有学者指出:从归责的意义上说,民事过失的核心不在于行为人是否处于疏忽或懈怠而使其对行为结果未能预见或未加注意,关键在于行为人违反了对他人的注意义务并造成对他人的损害。所以讨论过失提供帮助的行为构成侵权,本质上是承认网络服务商或线下出租场地和提供管理服务的经营者负有事前注意义务,并非完全肯定网络服务商不负有主动审查义务。而在共同侵权理论,应以意思联络为必要。若勉强适用有悖于侵权法法理并且在实践操作中存在一系列困难。所以,非常多的民法学者和知识产权学者并不认同共同侵权理论,有学者提出引入网络服务商安全保障义务,有学者主张重新构建教唆侵权与替代责任,并以安全保障义务为接口规范网络服务商。也有学者认为过失构成帮助侵权不被接受,那么可以评价为违反注意义务,构成过失侵权,承担连带责任。也有学者认为构成共同危险行为,承担按份责任。

本文并不否认教唆侵权与替代责任在一定情形下的合理性,也同意违反注意义务构成过失的理论。但是进一步要针对网络服务商或线下出租场地和提供管理服务的经营者注意义务的来源、程度,甚至与故意明知侵权行为而不采取措施情形之间的关系都需要予以明确。由此,采取“打补丁”的方式并不可取,每个问题的解决方案不应是孤立的,而是联系和发展的。

(二)安全保障义理论的正当性与合理性

安全保障义务相对于网络环境或许是全新的理论,但在线下的引入和发展至少可追诉至2003年。当时我国社会出现一些公共场所的设施设备存在隐患,还发生了第三人进入该场所实施侵害行为致害他人的现象。这些侵权行为类型共同的特殊之处在于,侵权行为并非公共场所经营者直接的行为而是其未防止危险发生的消极不作为。法院面对这种不作为侵权认定存在着困难,最高人民法院于是在《最高人民法院关于审理人身损害赔偿案件适用法律若干问题的解释》第六条引入了安全保障义务,并且最终在《侵权责任法》第37条以立法的形式确定下来。

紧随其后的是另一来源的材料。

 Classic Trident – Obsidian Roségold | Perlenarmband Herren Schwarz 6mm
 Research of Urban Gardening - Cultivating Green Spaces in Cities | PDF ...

冯·巴尔教授把安全保障义务分为两类:第一类就是那些得以使潜在的被侵权人对危险自己负责的义务。第二类就是以直接排除危险源为目的的义务。

于前者,在网络环境可以理解为安全保障义务主体需要履行足够的注意义务以防止直接侵权行为发生在其服务的网络环境。当网络服务商已经做出了必要的预防措施仍无从发现侵权行为时,便可以排除他在直接侵权行为中的贡献,权利人的追偿主体是直接侵权人。另外,对网络服务商侵权的认定应根据是否从侵权行为中获益,侵权行为是否足够明显等客观因素上调整注意程度。由此,便实现了为网络服务商施加注意义务和一定的审查义务的合理性。改变了目前网络服务商只要驶入“避风港”得以免责便懈怠侵权预防的局面,也避免部分网络服务商在司法裁判中被认定无需采取删除措施就可免责后对发生在其网络空间的侵权行为不闻不问,袖手旁观。于后者,规定了网络服务商积极的作为义务,也就是当第三人利用其网络服务环境实施直接侵权行为时,网络服务商应承担积极作为以及不作为时所应该承担的法律后果。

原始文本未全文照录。